Here is the IMSLP list for the Op. 8 etudes, for example:

Screenshot 2023-05-18 at 7 07 09 AM

Otherwise it is difficult to locate the desired Etude purely by its number in the opus.

Computer reading of the title to identify genre should not be done, since the title can be spelled in several ways, such as "Study" in English, or "Étude" in French (adding the accent). Instead, the genre is encoded for computational use in the !!!AGN: record.

Here is the wikipedia entry for one of the etudes:

https://en.wikipedia.org/wiki/%C3%89tude_in_D-sharp_minor,_Op._8,_No._12_(Scriabin)

Notice that it is qualified with the key of D-sharp minor, since "Etude" by itself is ambiguous, since all of the works in Op. 8 have the same name.

The titles are for use by humans.

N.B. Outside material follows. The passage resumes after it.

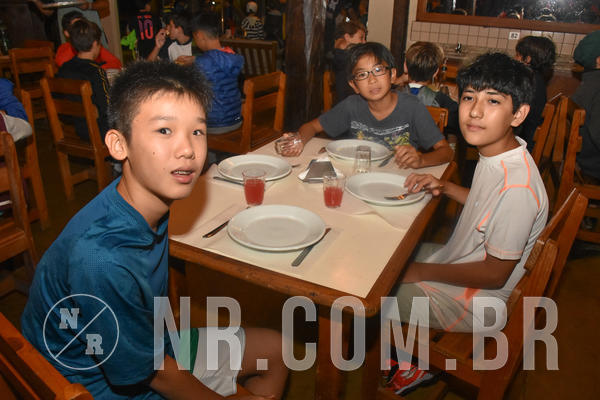 Buy your photos of the eventNR2 Juventus Camp 21 a 27/01/19  on Fotop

For computer processing, the key designations are found in tandem interpretations within the data, such as *d#: in this case, so there is no standard reference record for key designations.

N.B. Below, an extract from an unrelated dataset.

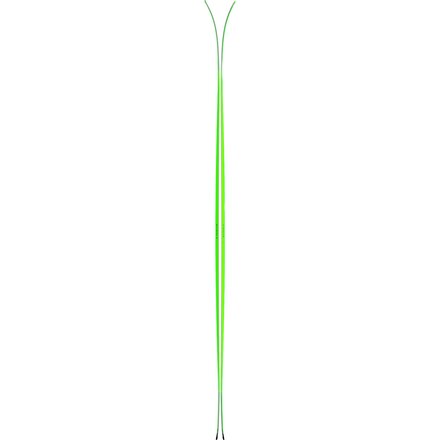 Black Crows - Navis Freebird Skis - 2027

Related to this, there is an informal reference record called !!!title: which is used to display the title of works in VHV. VHV will display the OTL information only (plus the COM, although that is hardwired to the title display in VHV). You can construct a title other than or in addition to OTL with the !!!title record:

Here is a current view of the titles in VHV:

Screenshot 2023-05-18 at 7 20 53 AM

To enhance the title, you can add this reference record:

!!!title: @{OTL}, op. @{OPS}, no. @{ONM}
Screenshot 2023-05-18 at 7 23 03 AM

The structure @{XXX} is a template which will find the !!!XXX: reference record and insert it into the title string.

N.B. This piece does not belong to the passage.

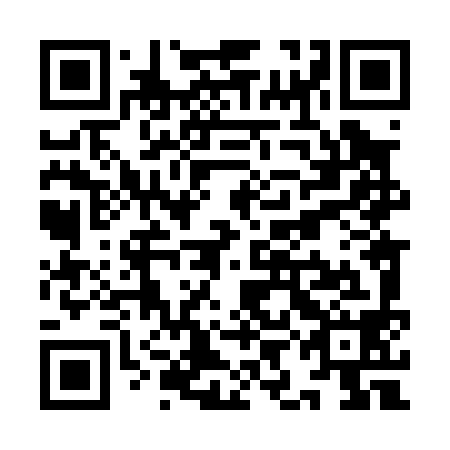 QR code for YIL 098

I would not bother with splitting out the key information for the title, but if you want to do that:

!!!COM: Scriabin, Alexander
!!!OTL: Etude
!!!key: D-sharp minor
!!!OPR: 12 Etudes
!!!OPS: 8
!!!ONM: 12
!!!ODT: 1894
!!!AGN: Etude
!!!title: @{OTL} no. @{ONM} in @{key}, op. @{OPS}

Which produces the most informative title in VHV:

Screenshot 2023-05-18 at 7 26 41 AM

I would put the !!!title: reference record at the bottom of the file since it is not an otherwise important reference record describing the work.

craigsapp commented 1 year ago

Related: Op. 59, no. 1 does not have a title:

!!!OTL: Poème
!!!AGN: Poem

AGN records should be standardized and not use accented characters, since they are useful for finding genres across repertories. To a certain extent it is up to the encoder, but Poem is a more useful genre name.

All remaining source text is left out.